Funnily enough, a couple days later, all these women who were concerned about their safety allowed Salon – a much bigger platform than where I was going to write – to cover this exact topic, complete with their full names and quotes. To me, this felt like a smack in the face. These women who were supposedly my friends shunned me completely for even considering covering this topic, but then turned around and allowed a bigger publication to write about it instead.

Everyone wants to feel a sense of belonging. But sometimes, like in the instances I experienced, that can turn into a mob mentality. Twice in the last few months, groups of women who a) considered themselves feminists and b) were supposed to be my friends were quick to turn on me and remove me from their circles, as opposed to rationally talking things through the way friends are supposed to.

This isn’t to say that I don’t have any female friends at all, because I do, and they tend to understand where I’m coming from with this perspective. Like me, my female friends have had similar experiences with women, see where I’m coming from, and don’t believe it takes away from the legitimacy of my feminist activism.

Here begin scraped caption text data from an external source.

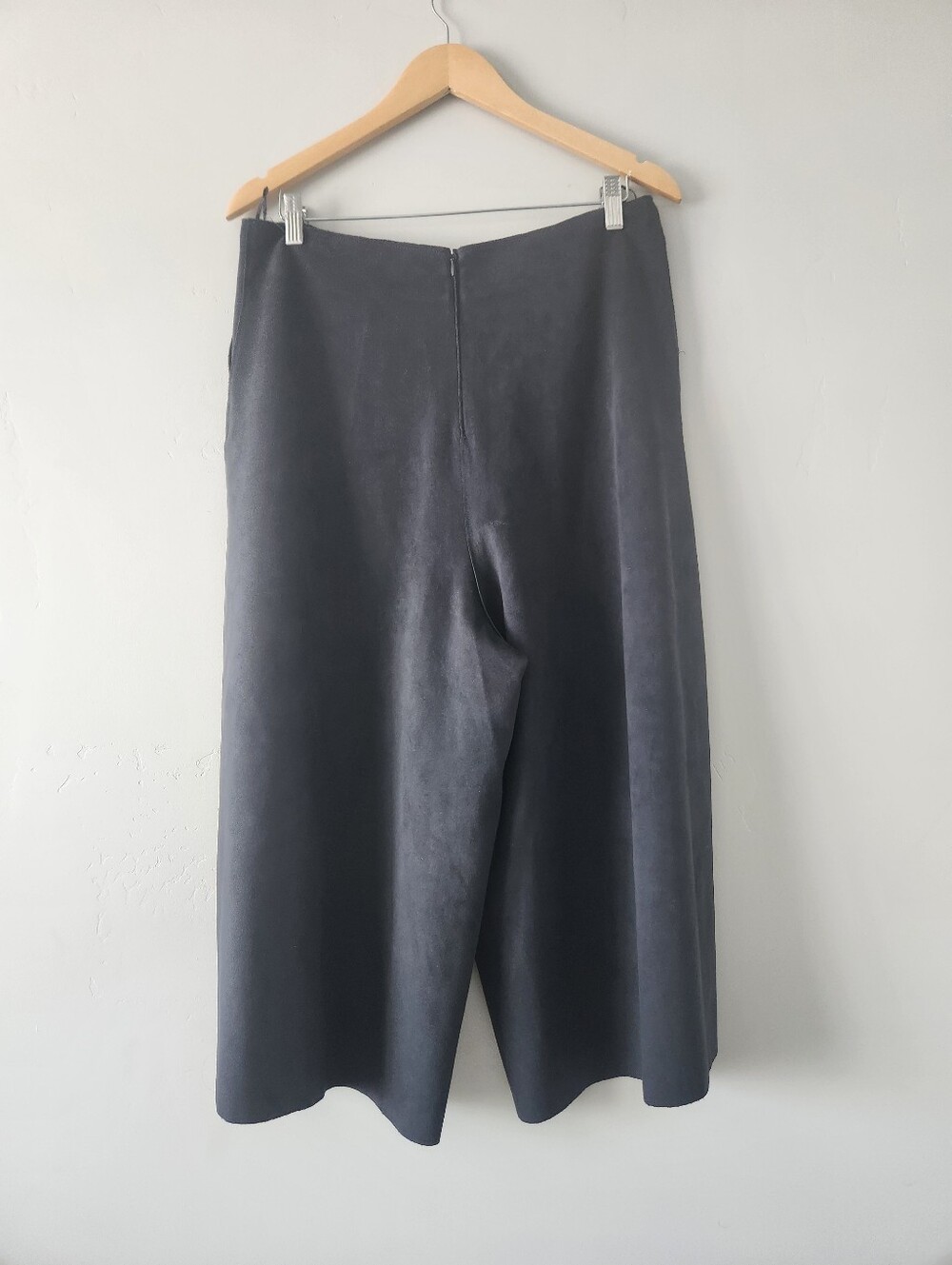 Adolfo Dominguez Cropped Pants - Picture 4 of 6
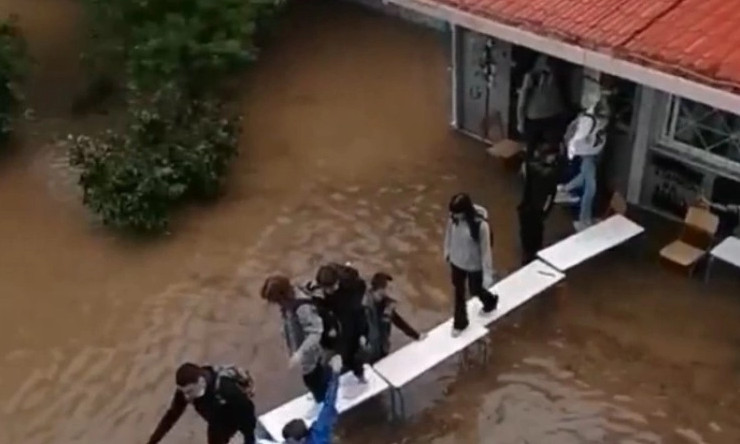 Απίστευτο βίντεο – Μαθητές στη Ν. Φιλαδέλφεια έφτιαξαν γέφυρα με θρανία για να φύγουν από πλημμυρισμένο σχολείο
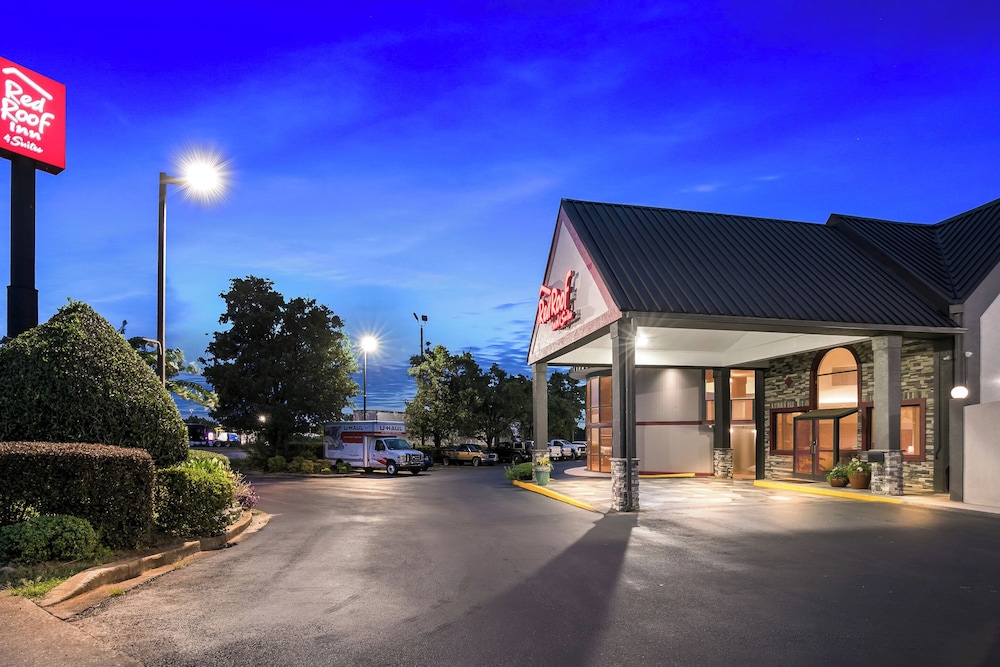 Red Roof Inn & Suites Duncan - photo 32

“You’d think, in feminist communities especially, women would want to support one another, to lift each other up, not tear each other down. And I never thought I’d see a group of so-called feminist activists silence another sister,” says my good friend Alex about what she saw me go through.

“What feminism means to me and how I choose to participate in my feminism can be totally different from the next woman. So I stay focused on myself instead of getting bogged down in unnecessary drama,” Alex says. “And perhaps most importantly, I always remind myself of the difficulty in being a girl, the discomfort and anger that sometimes comes with the female experience. I try to recognize where some of the other girls’ anger comes from and remind myself why I’m there in the first place. I just wish we would stop taking that frustration out on each other and stop feeding into the catty depictions of female relationships.”

I’m not opposed to close friendships with women, as I do know from experience how amazing, loyal, and kind some women can be, like my friend Alex, for example. I’m just opposed to the cliqueness that sadly, many female friendship groups tend to evolve into.

Just as men can be shitty, women can be shitty. Mean behavior knows no gender.

If feminist women really want to achieve our goals, we must end the infighting and catty behavior among ourselves, as it just winds up tearing us apart. We don’t have to like each other personally, but we should remain amiable and professional for the good of the movement.